A quick stats computation

Is a 52-59% difference significant between 2 groups of 600 people each? I forget how to figure that out, exactly. A detailed answer would be appreciated.

Again, 52% of group one (N=600) and 59% of group two (N=600).

Thanks

Seriously? NO ONE?!

For a binomial distribution, the standard deviation (sigma) is sqrt (p * q * n), where p is probability, q is 1 - probability, and n is the number of trials.

sqrt (.52 * (1-.52) * 600) = 12.23
sqrt (.59 * (1-.59) * 600) = 12.047

This means that your answer within one standard deviation will probably vary by about 12 for each case (out of 600).

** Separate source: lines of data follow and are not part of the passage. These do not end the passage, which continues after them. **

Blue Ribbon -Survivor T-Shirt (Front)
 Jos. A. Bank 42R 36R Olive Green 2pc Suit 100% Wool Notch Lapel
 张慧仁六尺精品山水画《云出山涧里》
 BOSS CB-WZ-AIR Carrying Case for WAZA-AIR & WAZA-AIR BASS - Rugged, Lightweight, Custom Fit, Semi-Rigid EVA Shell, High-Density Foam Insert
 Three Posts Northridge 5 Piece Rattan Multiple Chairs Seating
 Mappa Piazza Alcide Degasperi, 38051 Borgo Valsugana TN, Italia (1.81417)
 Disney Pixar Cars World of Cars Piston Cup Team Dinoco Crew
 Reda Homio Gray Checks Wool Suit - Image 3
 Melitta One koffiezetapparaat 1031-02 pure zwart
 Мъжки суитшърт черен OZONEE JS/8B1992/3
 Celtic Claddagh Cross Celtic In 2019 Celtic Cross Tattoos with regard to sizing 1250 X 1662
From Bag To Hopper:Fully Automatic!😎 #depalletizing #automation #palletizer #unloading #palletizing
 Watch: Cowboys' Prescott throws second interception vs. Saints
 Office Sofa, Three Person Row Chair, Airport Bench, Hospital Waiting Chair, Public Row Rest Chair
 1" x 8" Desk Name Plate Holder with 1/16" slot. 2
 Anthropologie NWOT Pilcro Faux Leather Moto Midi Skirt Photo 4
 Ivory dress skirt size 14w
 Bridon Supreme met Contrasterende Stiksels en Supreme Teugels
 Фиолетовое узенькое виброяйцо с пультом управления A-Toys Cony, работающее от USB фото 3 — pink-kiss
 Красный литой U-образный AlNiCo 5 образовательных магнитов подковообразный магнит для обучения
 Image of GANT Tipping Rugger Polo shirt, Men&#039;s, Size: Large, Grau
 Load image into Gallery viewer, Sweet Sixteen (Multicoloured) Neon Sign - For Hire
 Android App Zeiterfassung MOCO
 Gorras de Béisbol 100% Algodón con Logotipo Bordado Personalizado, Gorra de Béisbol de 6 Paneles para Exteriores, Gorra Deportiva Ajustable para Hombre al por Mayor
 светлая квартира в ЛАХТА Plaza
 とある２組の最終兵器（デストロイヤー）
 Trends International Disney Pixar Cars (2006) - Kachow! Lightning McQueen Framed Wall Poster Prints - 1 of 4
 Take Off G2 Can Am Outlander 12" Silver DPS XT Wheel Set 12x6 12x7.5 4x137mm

Three standard deviations are off by 36, and is 95% confident. (59-52)/100 * 600 = 42.

Since 42 is bigger than 36, we can say these results are statistically significant.

I think.

According to my Practical Data Analysis workbook notes, in order to determine if the % population fraction from two samples is the same, you’d need a sample size of:

n1 = n2 = 16 * (%) * (1 - %)/(delta%)^2

Assuming your expected % is around 55.5%, then plugging these numbers into the above formula I get:

n1 = n2 = 16 * (0.555) * (1 - 0.555)/(0.07)^2 = 806.449

In other words, you’d need a sample size of 806.449 in order for these to be statistically the same. Since you have fewer than that, the error in your % will be greater and therefore they are likely the same.

But now I see Santo Rugger posted just the opposite. I’ll check around a little more.

I’m trying to work out the probability density function, but the numbers are way to huge for my calculator or MatLab to handle (600!).

I don’t trust the reasoning behind either of the answers presented so far. There’s a calculator here that will tell you whether there’s a statistically significant difference at a specified confidence level, if that’s all you need. If you need to be able to perform the test yourself, I believe you want to look at Welch’s t-test.

For the record, the calculator above specifies that your proportions are different at 95% confidence.

How is the t-test different than what I did? IIRC, the t test shows the probability of the answer being in the “tail” of the distribution curve. Three sigmas is 95%, or a 2.5% chance of being in the “tail” of the curve. Four sigmas is 99%, so using the method I used, 12*4 > 46, hence the results not being statistically significant at 99%.

I’m horrible at statistics, and welcome the flaw in my logic being pointed out.

I follow Santo Rugger’s and Ultrafilters reasoning, this one makes no sense to me.